I was ten when Donkey Kong came out on the Atari 2600. My little brother had flunked kindergarten and some doctor, bless his soul, told my mom he might have a hand-eye coordination problem that a video game system might help him to overcome. It might have been the first time I really openly loved my kid brother. Like many in my generation, I devoted hours and hours to mastering the double-jump, the quick up-down ladder climb, and learning just how high off a girder I could be and still survive a fall. While I did occasionally rescue Daisy momentarily, she was always recaptured in the next stage, and I never was able to ultimately defeat Donkey Kong in any permanent way. This left us with points as the only measure of our success, so we ran with it. My friends and I would write down our nightly scores and hurry into school the next day to compare point totals and crown one of us the best at the game. I was best for awhile, then it was Adam’s turn, I’d win it back, and then Mike would come out of nowhere with a score far beyond what we had thought possible. So we’d go back home to our consoles and hammer away trying to get points in a game that couldn’t be won.
School was the same thing. I was just like Mario, learning the moves, passing the stages, and most of all, collecting the points. When I was a kid and teachers would accuse me of “gaming” their classroom, I wore it as a badge of pride. It seemed video games were a pretty good learning tool after all. Extra credit? I knew the value of bonus rounds. 5th grade? I’d been to level 35 on Missile Command, a feat I knew none of my teachers even understood. All of us gamed school. And it isn’t much different now, truth be told. Except now their worlds don’t match up as seamlessly as my points-based childhood. The kids are still playing for points in school, but at home they are heroes in stories bigger than most of the novels we serve up for point consumption in our classrooms. They have an alternative to points. They have quests, missions, and adventures that are global, meaningful, and rewarding.
The Legend of Zelda came out when I was fourteen. Our family got a Nintendo for Christmas that year, all pretense of medicinal intent having been dropped when my mom and grandfather were caught mapping out Atari’s Superman game with construction paper on our living room floor. The cartridge had a totally new feature: a battery. What this meant is that we could save our games. At first this didn’t seem like much of an advancement past the “pause” button. With the advent of The Legend of Zelda we came to know a much more powerful aspect of the “save” feature. It meant that games could get long. For much of the previous video game history, a game might last, at most, several hours. Zelda could last for days, and video games made a giant leap away from points and towards something way more meaningful, actual accomplishment. (all arguments concerning actual vs. virtual accomplishment are noted, and ignored.) No longer was our villain going to show up on the next level with our captive heroin once again his captive awaiting rescue by a plumber who’s real goal was scoring points. No longer would we care about how many extra lives we earned. The Legend of Zelda relied upon how much life you had. The goal was to stay alive long enough to save the world. And saving the world was a totally doable, if not frustratingly difficult, goal. I can’t tell what it meant for this pimply 14 year-old to feel like a hero in a time when I felt way less worthy of the title everywhere else but in Zelda‘s world of Hyrule. I didn’t care about points, I wanted to actually achieve something.

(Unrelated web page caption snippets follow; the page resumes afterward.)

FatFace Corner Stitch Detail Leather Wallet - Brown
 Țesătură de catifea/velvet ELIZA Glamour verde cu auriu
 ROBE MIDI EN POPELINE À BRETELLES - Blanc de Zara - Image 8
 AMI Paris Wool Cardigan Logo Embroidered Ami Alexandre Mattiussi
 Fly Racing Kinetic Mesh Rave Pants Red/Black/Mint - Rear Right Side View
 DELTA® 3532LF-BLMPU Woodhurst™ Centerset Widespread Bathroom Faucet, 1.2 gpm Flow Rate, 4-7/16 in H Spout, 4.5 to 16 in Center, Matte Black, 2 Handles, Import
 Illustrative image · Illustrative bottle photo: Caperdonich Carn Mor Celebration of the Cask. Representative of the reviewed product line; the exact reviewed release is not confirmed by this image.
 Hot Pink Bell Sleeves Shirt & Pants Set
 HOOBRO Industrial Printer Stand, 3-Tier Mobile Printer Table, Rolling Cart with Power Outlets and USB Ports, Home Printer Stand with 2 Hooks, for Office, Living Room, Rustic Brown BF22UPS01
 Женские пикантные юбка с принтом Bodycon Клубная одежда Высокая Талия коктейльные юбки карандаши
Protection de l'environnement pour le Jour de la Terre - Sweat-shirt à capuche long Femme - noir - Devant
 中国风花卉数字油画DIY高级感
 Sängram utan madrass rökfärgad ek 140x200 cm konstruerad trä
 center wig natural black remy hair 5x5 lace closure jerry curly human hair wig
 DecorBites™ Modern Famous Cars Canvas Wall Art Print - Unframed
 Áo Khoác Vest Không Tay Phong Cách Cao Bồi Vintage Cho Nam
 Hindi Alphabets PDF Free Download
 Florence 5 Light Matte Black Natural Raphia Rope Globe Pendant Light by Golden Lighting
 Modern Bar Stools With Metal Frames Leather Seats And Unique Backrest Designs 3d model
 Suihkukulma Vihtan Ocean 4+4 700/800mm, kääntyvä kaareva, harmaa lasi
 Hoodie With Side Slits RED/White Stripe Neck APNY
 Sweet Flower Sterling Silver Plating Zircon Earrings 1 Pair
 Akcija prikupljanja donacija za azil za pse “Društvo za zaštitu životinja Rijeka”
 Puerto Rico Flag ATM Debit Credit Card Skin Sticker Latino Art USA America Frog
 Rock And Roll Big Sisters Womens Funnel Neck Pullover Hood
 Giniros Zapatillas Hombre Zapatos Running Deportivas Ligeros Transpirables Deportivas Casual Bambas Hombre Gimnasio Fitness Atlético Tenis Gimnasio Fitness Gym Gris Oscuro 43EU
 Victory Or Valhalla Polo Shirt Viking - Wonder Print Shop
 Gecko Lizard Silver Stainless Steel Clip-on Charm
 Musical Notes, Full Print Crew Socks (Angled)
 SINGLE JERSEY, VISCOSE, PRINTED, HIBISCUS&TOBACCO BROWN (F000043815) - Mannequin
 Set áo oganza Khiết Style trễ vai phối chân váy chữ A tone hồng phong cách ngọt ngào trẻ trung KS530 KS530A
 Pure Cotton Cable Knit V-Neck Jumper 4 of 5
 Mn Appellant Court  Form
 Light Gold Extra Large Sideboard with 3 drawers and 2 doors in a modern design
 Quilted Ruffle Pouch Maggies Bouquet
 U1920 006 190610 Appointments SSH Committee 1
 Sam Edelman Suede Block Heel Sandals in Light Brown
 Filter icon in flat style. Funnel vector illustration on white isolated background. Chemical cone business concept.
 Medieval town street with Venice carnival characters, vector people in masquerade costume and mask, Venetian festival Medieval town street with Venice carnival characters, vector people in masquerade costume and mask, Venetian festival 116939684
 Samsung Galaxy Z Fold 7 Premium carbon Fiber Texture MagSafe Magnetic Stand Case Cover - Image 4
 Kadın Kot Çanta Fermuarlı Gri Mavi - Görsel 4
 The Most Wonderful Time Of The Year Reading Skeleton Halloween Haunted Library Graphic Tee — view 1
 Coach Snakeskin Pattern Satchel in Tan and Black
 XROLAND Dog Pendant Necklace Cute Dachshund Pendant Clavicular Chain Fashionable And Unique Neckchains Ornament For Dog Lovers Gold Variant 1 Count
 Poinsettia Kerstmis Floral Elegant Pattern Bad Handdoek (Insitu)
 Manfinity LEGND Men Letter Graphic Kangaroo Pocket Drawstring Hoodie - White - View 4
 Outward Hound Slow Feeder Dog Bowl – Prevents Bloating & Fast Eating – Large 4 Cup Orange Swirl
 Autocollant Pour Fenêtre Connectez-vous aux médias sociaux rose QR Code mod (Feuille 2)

In school though, it was points, points, and more points. Just because I had found Zelda I hadn’t lost my “gaming” skills. I cheated a bunch and it was just like in the video games. I put in the cheat code, I got tons of points, but they didn’t mean anything. It wasn’t all bad. I had a few teachers who were tapping into the hero in me. My 9th grade Advanced Earth Science teacher, Mr. Meinke, once asked us to observe the night sky for a month and use our observations to prove that the Earth was not the center of the universe. This was pre-internet, mid I’m-too-lazy-to-look-it-up, and post finding any excitement in the classroom. But that assignment felt more like a mission than a high score exercise. I don’t think I got the answer right at the end of the month, but I sure did value a teacher who put me at the center of a mission. Just like in the video games, for a little while, points didn’t matter at all. Today the most popular video games all tell a story that puts the player, our students, at the center of a quest, an adventure or a mission. Hardly anyone plays for points anymore. Except in classrooms. Everywhere. Still.
In an age of unprecedented possibility for adventure in learning, missions in waiting, and quests to be had, I wonder why points have yet to be supplanted by progress in our widespread education model. It’s time for us to switch the “game” of education away from the Donkey Kong version we’ve been playing for the past several decades and embrace the potential that The Legend of Zelda uncovered by promoting how much life is gained in our classrooms in pursuit of achieving world-saving goals.